Information
This security setting determines the period of time (in days) that a password must be used before the user can change it. You can set a value between 1 and 998 days, or you can allow changes immediately by setting the number of days to 0.
The recommended state for this setting is: 1 or more day(s))
Users may have favorite passwords that they like to use because they are easy to remember and they believe that their password choice is secure from compromise. Unfortunately, passwords are compromised and if an attacker is targeting a specific individual's user account, with foreknowledge of data about that user, reuse of old passwords can cause a security breach. To address password reuse a combination of security settings is required. Using this policy setting with the Enforce password history setting prevents the easy reuse of old passwords.

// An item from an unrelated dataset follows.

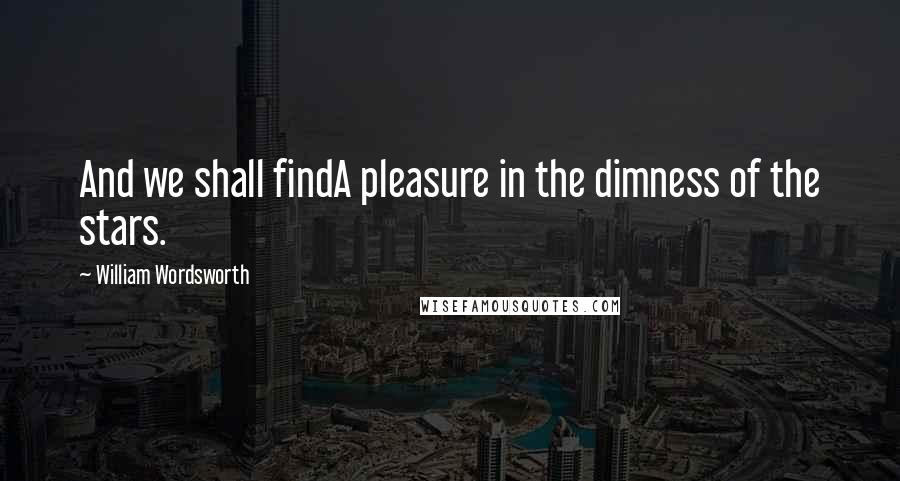 William Wordsworth Quotes: And we shall findA pleasure in the dimness of the stars.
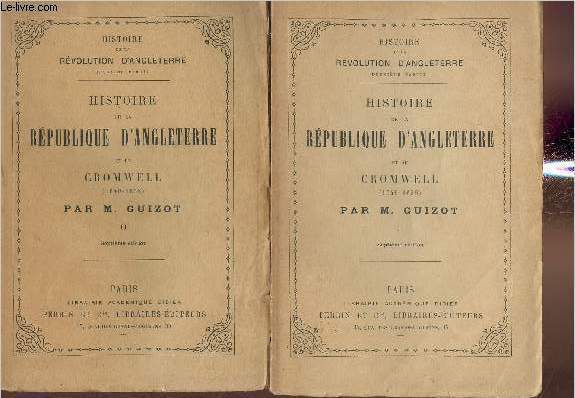 Histoire de la Rpublique d'Angleterre et de Cromwell (1649-1658) Tomes I et II (2 volumes) (Collection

For example, if you configure the Enforce password history setting to ensure that users cannot reuse any of their last 12 passwords, they could change their password 13 times in a few minutes and reuse the password they started with, unless you also configure the Minimum password age setting to a number that is greater than 0. You must configure this policy setting to a number that is greater than 0 for the Enforce password history setting to be effective.
Solution
To establish the recommended configuration via configuration profiles, set the following Settings Catalog path to 1 (or more day(s)):
Device Lock\Minimum Password Age
Impact:
If an administrator sets a password for a user but wants that user to change the password when the user first logs on, the administrator must select the User must change password at next logon check box, or the user will not be able to change the password until the next day.
Warning: If an organization is using Windows Hello for Business the the Device Lock password settings can impact PIN polices if those policies are not first defined elsewhere. Windows will follow the Windows Hello for Business policies for PINs if this key exists: HKLM\SOFTWARE\Microsoft\Policies\PassportForWork\<Tenant-ID>\Device\Policies Otherwise, it will follow Device Lock policies.
This benchmark recommends configuring Device Lock policies for Local User accounts and Windows Hello for Business policies for PINs.